### [PROBLEM TO WORK ON]
When the line containing "Luxe bandana - Sage" is found in the data below, copy it and each line after it through the line containing "יצחק גולדקנופף", exactly and with no others.

****************************************

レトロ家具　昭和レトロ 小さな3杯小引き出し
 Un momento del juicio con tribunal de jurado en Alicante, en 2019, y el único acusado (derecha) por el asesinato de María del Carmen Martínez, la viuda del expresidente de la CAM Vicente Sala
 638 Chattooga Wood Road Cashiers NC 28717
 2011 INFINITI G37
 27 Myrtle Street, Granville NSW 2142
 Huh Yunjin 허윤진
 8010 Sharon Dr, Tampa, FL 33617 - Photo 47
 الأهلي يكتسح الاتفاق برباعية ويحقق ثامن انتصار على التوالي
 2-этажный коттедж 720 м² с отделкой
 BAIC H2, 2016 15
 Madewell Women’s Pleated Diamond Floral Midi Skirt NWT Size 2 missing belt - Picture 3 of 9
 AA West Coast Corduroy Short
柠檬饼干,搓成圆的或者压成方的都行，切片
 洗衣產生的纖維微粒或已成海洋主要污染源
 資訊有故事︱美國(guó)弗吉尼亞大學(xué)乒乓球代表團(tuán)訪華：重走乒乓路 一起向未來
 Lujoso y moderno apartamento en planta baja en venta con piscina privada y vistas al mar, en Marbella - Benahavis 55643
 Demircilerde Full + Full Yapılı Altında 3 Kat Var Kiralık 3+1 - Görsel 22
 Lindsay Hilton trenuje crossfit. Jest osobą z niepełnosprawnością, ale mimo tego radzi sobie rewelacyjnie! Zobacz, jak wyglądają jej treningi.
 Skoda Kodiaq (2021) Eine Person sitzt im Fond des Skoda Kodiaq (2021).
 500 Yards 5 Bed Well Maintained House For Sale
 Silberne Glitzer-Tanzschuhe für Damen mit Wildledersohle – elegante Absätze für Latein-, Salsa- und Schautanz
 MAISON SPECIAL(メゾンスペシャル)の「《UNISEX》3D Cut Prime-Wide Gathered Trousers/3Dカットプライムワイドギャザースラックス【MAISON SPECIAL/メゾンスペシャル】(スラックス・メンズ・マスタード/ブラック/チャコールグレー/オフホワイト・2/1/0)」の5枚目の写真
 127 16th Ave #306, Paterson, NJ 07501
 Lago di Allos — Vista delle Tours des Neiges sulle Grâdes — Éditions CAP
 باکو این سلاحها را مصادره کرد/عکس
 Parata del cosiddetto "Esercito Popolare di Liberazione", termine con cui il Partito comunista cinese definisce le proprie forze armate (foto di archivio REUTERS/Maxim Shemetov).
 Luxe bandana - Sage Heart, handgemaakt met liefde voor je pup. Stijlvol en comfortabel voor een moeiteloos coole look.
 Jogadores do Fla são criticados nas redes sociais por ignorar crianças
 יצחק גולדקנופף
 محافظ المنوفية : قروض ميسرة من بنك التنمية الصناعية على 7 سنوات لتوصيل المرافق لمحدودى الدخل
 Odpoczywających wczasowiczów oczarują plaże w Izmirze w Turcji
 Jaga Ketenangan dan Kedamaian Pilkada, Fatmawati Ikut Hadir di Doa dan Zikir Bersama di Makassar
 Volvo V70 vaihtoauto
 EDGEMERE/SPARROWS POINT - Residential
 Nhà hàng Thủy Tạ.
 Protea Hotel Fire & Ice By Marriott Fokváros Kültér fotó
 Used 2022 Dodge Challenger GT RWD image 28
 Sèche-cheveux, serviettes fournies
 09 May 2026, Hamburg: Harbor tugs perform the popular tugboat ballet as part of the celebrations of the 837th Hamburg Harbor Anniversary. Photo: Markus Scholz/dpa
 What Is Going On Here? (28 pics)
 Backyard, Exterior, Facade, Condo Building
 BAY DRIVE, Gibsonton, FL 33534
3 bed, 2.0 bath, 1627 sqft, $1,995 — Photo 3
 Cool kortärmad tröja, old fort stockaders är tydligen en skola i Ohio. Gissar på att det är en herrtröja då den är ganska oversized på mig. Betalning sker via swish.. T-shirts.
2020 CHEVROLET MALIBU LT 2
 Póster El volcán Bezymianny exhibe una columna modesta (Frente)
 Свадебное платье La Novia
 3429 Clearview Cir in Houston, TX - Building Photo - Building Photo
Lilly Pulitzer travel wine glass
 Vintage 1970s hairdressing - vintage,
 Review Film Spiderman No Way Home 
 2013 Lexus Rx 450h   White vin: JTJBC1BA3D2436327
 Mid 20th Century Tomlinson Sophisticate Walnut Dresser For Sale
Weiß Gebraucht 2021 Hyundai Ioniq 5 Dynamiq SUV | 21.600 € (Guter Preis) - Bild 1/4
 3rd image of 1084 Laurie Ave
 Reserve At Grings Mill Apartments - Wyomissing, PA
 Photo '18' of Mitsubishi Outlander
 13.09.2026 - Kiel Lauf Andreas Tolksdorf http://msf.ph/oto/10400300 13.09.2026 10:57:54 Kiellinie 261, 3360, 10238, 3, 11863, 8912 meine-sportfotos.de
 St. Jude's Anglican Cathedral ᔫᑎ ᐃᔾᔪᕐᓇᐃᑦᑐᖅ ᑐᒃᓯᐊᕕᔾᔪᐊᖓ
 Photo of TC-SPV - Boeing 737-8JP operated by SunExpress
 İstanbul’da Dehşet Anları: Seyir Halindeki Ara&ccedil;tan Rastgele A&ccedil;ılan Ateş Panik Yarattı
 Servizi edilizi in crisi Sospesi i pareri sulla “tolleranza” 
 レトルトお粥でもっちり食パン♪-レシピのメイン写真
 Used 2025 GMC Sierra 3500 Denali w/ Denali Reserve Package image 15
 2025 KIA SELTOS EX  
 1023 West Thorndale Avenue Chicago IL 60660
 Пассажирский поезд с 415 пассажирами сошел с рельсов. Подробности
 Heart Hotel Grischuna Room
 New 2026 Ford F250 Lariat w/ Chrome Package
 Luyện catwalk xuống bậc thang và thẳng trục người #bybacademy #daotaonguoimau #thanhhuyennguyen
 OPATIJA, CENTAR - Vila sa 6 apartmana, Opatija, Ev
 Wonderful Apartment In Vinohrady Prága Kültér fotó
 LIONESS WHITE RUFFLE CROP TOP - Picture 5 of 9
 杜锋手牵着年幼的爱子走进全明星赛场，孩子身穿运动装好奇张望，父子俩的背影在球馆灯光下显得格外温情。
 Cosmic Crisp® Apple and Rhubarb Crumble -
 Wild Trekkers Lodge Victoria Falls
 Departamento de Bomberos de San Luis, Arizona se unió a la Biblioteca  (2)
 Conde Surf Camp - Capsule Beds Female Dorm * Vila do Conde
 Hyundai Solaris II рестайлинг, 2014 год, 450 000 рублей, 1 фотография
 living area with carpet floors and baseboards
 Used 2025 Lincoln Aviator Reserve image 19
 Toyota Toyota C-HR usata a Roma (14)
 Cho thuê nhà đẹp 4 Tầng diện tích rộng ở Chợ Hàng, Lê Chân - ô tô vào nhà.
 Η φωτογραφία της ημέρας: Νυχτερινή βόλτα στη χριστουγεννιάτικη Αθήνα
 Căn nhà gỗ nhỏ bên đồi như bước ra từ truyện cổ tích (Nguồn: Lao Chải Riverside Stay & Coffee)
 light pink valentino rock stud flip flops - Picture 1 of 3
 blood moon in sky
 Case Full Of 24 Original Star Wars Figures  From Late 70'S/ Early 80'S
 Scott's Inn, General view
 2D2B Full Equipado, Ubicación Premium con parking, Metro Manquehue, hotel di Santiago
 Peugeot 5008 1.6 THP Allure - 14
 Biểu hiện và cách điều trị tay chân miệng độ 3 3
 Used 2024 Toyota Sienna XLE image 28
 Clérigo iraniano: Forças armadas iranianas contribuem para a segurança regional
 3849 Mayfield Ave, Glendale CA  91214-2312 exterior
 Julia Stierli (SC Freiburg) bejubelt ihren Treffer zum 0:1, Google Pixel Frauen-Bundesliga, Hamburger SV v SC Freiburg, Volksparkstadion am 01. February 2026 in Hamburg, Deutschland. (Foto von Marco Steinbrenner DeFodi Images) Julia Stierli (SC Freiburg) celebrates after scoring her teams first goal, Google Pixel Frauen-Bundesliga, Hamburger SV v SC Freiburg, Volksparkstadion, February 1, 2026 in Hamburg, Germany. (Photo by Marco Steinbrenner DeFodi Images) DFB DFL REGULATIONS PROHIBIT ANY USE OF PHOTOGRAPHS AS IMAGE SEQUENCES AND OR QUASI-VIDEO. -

****************************************

### [YOUR SOLUTION]
 Luxe bandana - Sage Heart, handgemaakt met liefde voor je pup. Stijlvol en comfortabel voor een moeiteloos coole look.
 Jogadores do Fla são criticados nas redes sociais por ignorar crianças
 יצחק גולדקנופף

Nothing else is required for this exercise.